Understanding that the classic four‑year crypto cycle may be obsolete reshapes how investors price risk and allocate capital, while Ethereum’s strategic positioning and upcoming upgrades could drive the next wave of institutional adoption and market growth.
The Bankless Weekly episode features Ethereum evangelist Anthony Sassano debating whether the historic four‑year crypto cycle still applies. Sassano argues that the traditional top‑to‑bottom or bottom‑to‑bottom pattern that has guided Bitcoin and alt‑coin expectations is breaking down, citing the atypical price dynamics of the current cycle and the influence of new institutional participants.
He points to several data points: ETH has rebounded above $3,000, up 4% on the week, while Bitcoin hovers near $90,000. The October 10 crash wiped out a large swath of leveraged alt‑coin positions, but ETH and BTC showed relative resilience. Sassano notes that Bitcoin’s price action now resembles a “step‑up” pattern—periodic sideways moves with modest volatility—rather than the rapid spikes and crashes of prior cycles. He also highlights macro‑level liquidity trends, emphasizing that despite high interest‑rate environments, the market is already pricing in an easing cycle, which could decouple crypto from traditional liquidity cycles.
Key quotes underscore the shift: “The four‑year cycle is dead,” Sassano says, while Tom Lee, quoted in the show, maintains a bullish “super‑cycle” outlook, predicting ETH could reach $60K. Sassano also references the October alt‑coin implosion, describing it as the worst in history, and warns that opaque exchanges and forced liquidations amplified the sell‑off, creating an “unorderly” market environment.

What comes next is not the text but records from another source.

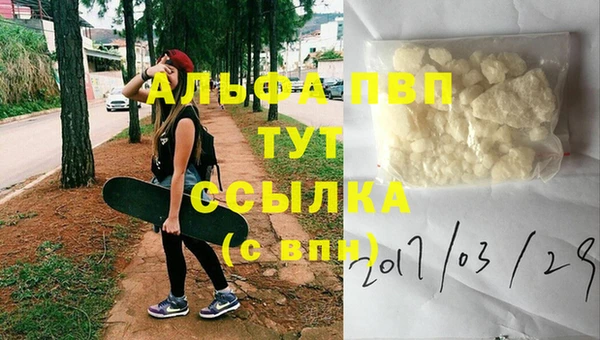 стафф Магас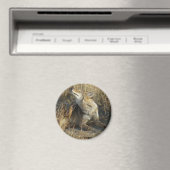 R17 Coyote Scratching Magnet (In Situ (Geschirrspüler))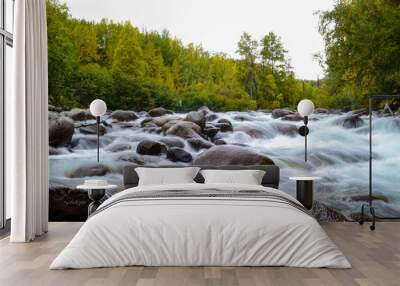 Running water in creek in Alaska Wall mural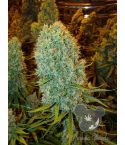 Anesia Seeds Big Bazooka
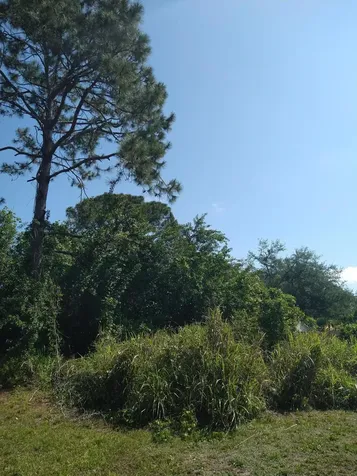 966 Armstrong Road SE Palm Bay FL 32909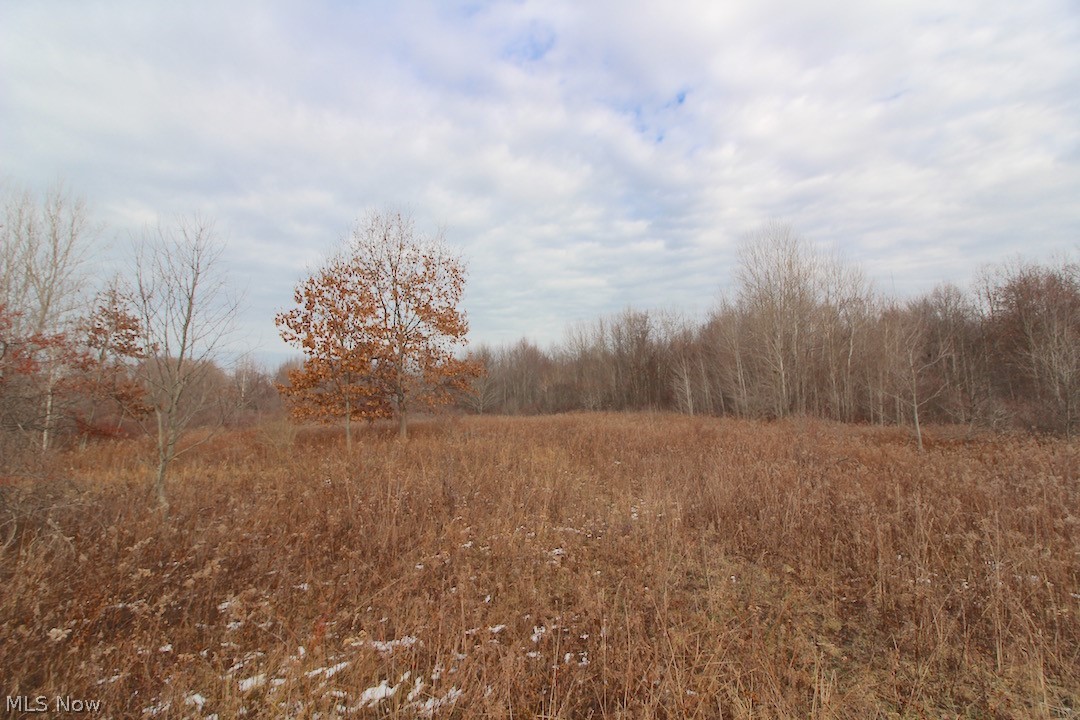 7636 Center Road Ashtabula, OH 44004 - Photo 19 of 35 Gallery Image 19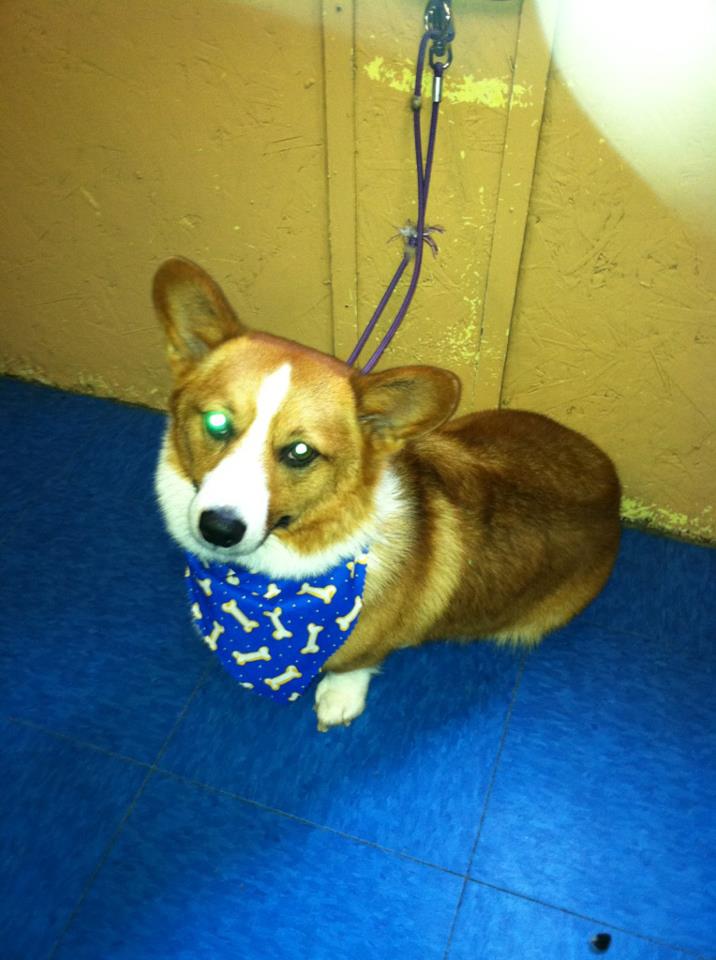 Dog wearing a drool bib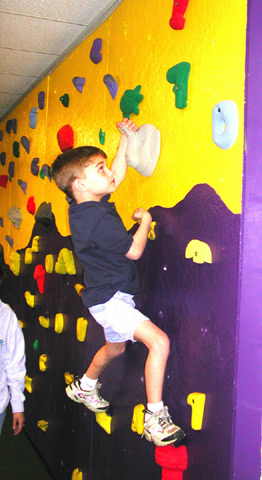 Jacobs Climbing Wall Model 4002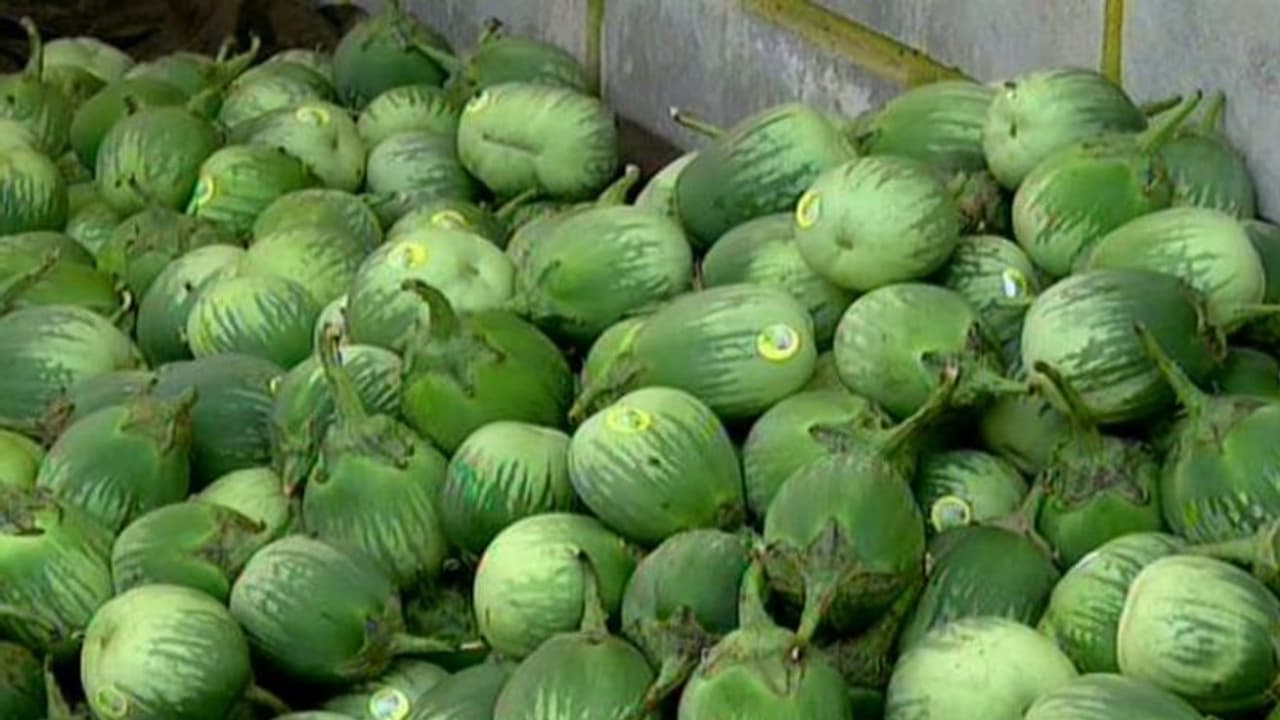 ಉಡುಪಿ: ತಡವಾದ ಮಳೆ, ಮಟ್ಟು ಗುಳ್ಳ ಉತ್ತಮ ಇಳುವರಿ, ರೈತರು ಫುಲ್ ಖುಷ್..! ಉಡುಪಿ: ತಡವಾದ ಮಳೆ, ಮಟ್ಟು ಗುಳ್ಳ ಉತ್ತಮ ಇಳುವರಿ, ರೈತರು ಫುಲ್ ಖುಷ್..!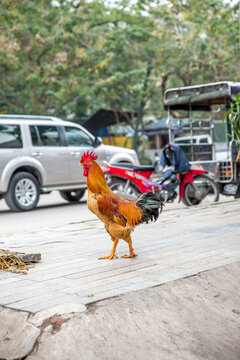 Vietnam, H&agrave; Nội, Hanoi, Stadtteil Cong Vi Ba Dinh / Q. Ba D&iacute;nh, ein freilaufender Hahn auf dem B&uuml;rgersteig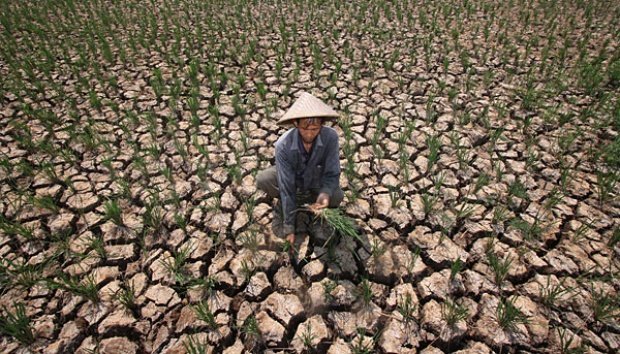 Lebak Kemarau Panjang, Warga  Cikulur Krisis Air Bersih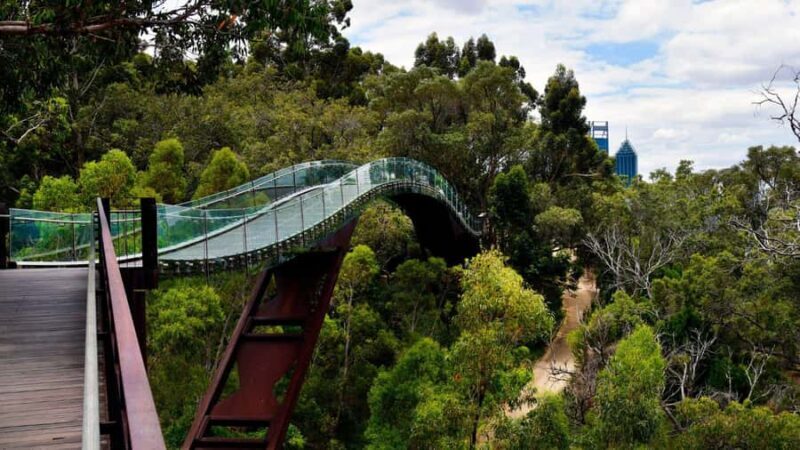 Best of Perth: Private Walking Tour with a Local - Who Should Consider This Tour?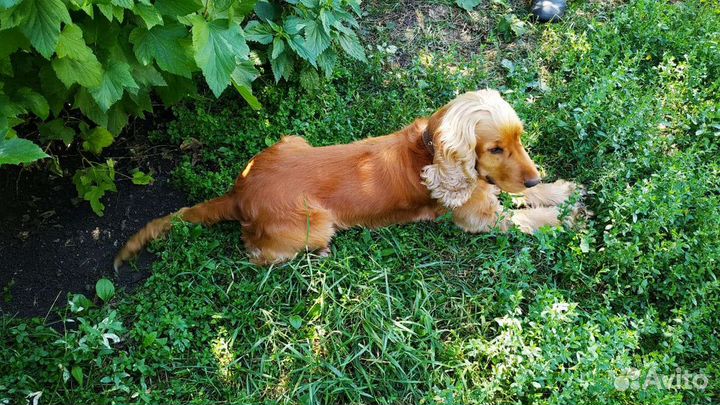 Английский кокер спаниель вязка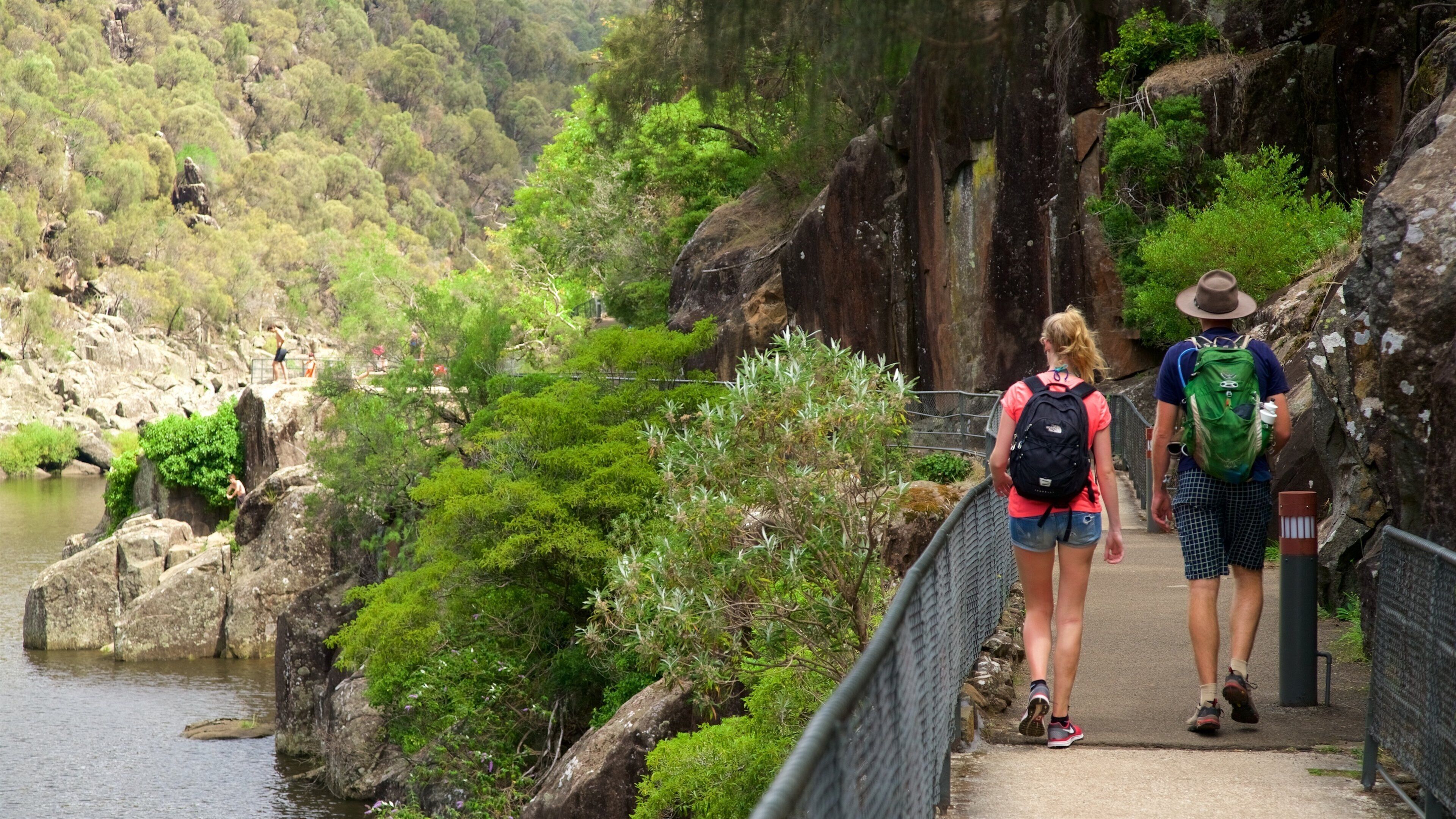 Hẻm núi Cataract có tính năng sông lạch và đi bộ cũng như cặp đôi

The implications for investors are clear: traditional cycle‑based timing may no longer be reliable, and capital may gravitate toward Ethereum’s more mature ecosystem, especially as upcoming upgrades like the Fusaka hard fork and ZK‑rollup developments promise scalability and security enhancements. Stakeholders should monitor institutional inflows, liquidity shifts, and protocol upgrades rather than relying on historical cycle calendars.